Adel al-Jubeir’s comments on Wednesday came after Iran announced it was accepting an invitation by the US and Russia to attend the talks in the Austrian capital.
“If they’re serious we will know, and if they’re not serious we will also know and stop wasting time with them,” Jubeir said at a news conference in Riyadh, the Saudi capital, with visiting British Foreign Secretary Philip Hammond.
The two-day talks will also “test the intentions of the Syrians and the Russians,” Jubeir said.
The talks formally begin on Friday but US Secretary of State John Kerry was expected to meet some other participants later on Thursday.
Nearly 20 nations have signalled that they will attend.
‘Bridge the gap’
Hammond said the meetings will be a chance to see if it is possible to “bridge the gap” between Iran and Russia on one side, and other countries against Bashar al-Assad, on the opposite side, on the role of the Syrian president.
While Russia and Iran think Assad should be able to stand for re-election so that the Syrian people can decide on his future, Hammond said all others agree that Assad has “too much blood on his hands” and should go.
|
Jubeir said the Saudi position had not changed. “There has to be certainty that Bashar al-Assad will leave,” he said.
Iran earlier confirmed that Foreign Minister Javad Zarif will join his counterparts from Russia, the US, Turkey, and Saudi Arabia at the talks.

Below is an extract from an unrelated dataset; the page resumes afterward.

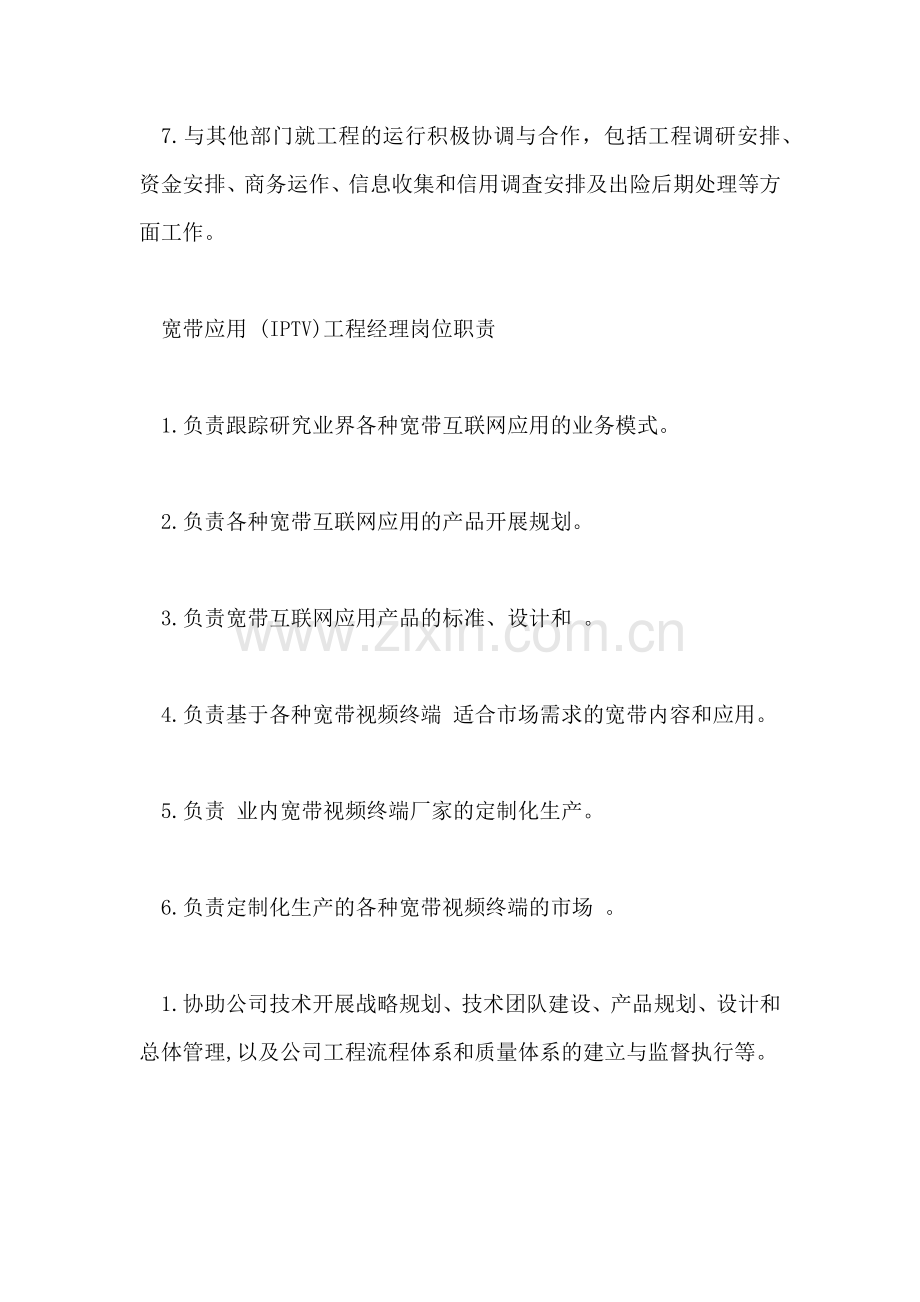 2022年项目经理主要岗位职责.doc_第2页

The inclusion of Iran – a key backer of Assad – marks a crucial shift after Tehran was excluded from earlier talks, mainly because of opposition from Washington and Riyadh.
The Vienna discussions are expected to be the first time all major international players in the conflict, linked to the nearly five-year war, will participate.

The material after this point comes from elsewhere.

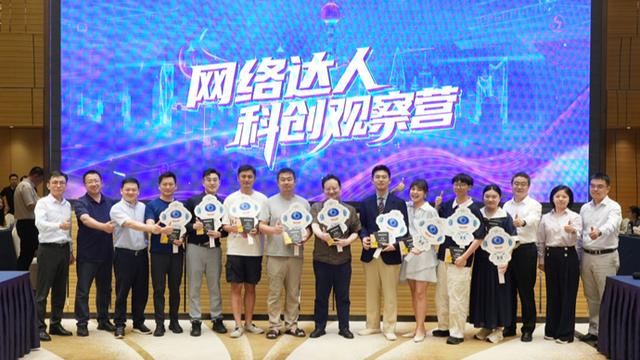 重磅成果成“天书”，重大发现如“乱码”？硬核科技如何“说人话”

Russia and Iran are supporting Assad’s forces. Saudi Arabia, Turkey and the West are backing rebels fighting Assad.
Iranian losses
In an interview with Al Jazeera, Iranian journalist Ghanbar Naderi said the increasing number of deaths of Iranian soldiers in Syria may have prompted Tehran to join the negotiations.
“The soldiers in Syria are not normal people, they are the top commanders from the IRGC [Iranian Revolutionary Guard Corps] and [Iranian] elite forces,” he said.
“Losing these key people in Syria, it is definitely under pressure. I think if Iran is accepting the dialogue, to now sit next to the international community, to find a way out of the Syrian crisis by dialogue and politics, I think it’s because it doesn’t want to lose any more commanders.”
Tehran officially denies it has combat troops in Syria. But there have been reports that 18 high-ranking officers have been killed in Syria in the last three years.
Iran has also spent billions of dollars in the past four years to keep Assad in power, with hundreds of its troops on the ground.
Renad Mansour, a visiting scholar at the Carnegie Middle East Centre in Beirut, said dialogue with Iran is essential to end the war in Syria.
“Iran has now accomplished the nuclear issue, which was the top priority and now they’re moving on,” he told Al Jazeera.
“And Iran isn’t happy with the situation in Syria. It wants to move away from being a pariah [state].”